When Keith texted her an hour later, the sight of his name on her phone’s screen put a sharp thrill in her midsection. Quickly, she squelched it. What was wrong with her?

“I’m going to meet Keith at the beach,” Cara called to Meredith casually. “You can stay here and keep working on the dresses.”

“Are you out of your mind?” Meredith stood so fast, a box of thread crashed to the floor. “I’m not missing this.”

Cara strangled over a groan. “It’s not a show. We’re just going over the basic plan for the mock wedding. The expo starts tomorrow, and these dresses are not going to alter themselves.”

“Honey, whenever you and Keith are in the same room, it’s always a show.” Her sister carefully folded the dress in front of her. “And I never said I wasn’t going to do alterations while I was watching.”

Cara let it go, mostly because she wasn’t sure why she’d protested in the first place. It wasn’t as if she’d wanted to be alone with Keith. The opposite was a much saner idea anyway. The buffer of Meredith would be a blessing in disguise.

When the two women reached the beach, it was teeming with people. Had she missed a memo?
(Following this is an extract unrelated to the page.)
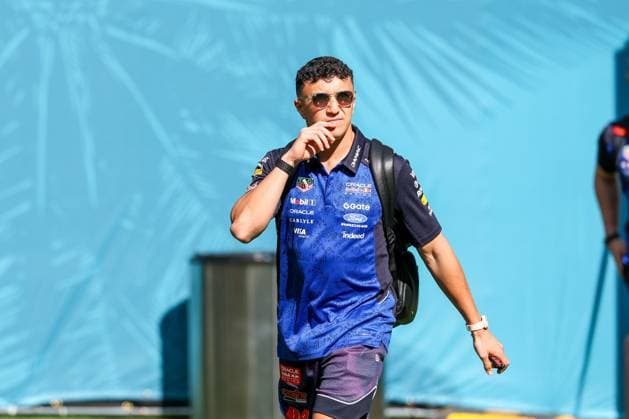 Isack Hadjar (Oracle Red Bull Racing 6) im Paddock, Grosser Preis von Miami, Motorsport, Herren, Formel 1, Freies Training, 01.05.2026 Miami Florida USA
She could have sworn Keith had said he was short staffed and needed her help.

The wind picked up and blew Cara’s hair into her mouth as she zeroed in on the tallest man present. And she’d deny to her grave that she’d noticed him the moment she’d hit the edge of the beach.

“What’s all this?” she asked.

“We need to run through the ceremony.” Keith waved at the crowd without glancing in Cara’s direction and barked out an order to a passing member of the catering staff. “These are all the participants.”

All righty then. She squared her shoulders.

“Let’s get to work. You.” Cara put a hand on the shoulder of a baby-faced guy walking by. “We need white wooden chairs set up in two parallel sections on each side of the walkway leading to the gazebo. Find them. Set them up in about ten rows. Come tell me when you’re done.”

That got Keith’s attention. His gaze swung around to zero in on her as the errand boy snapped off a “Yes, ma’am.”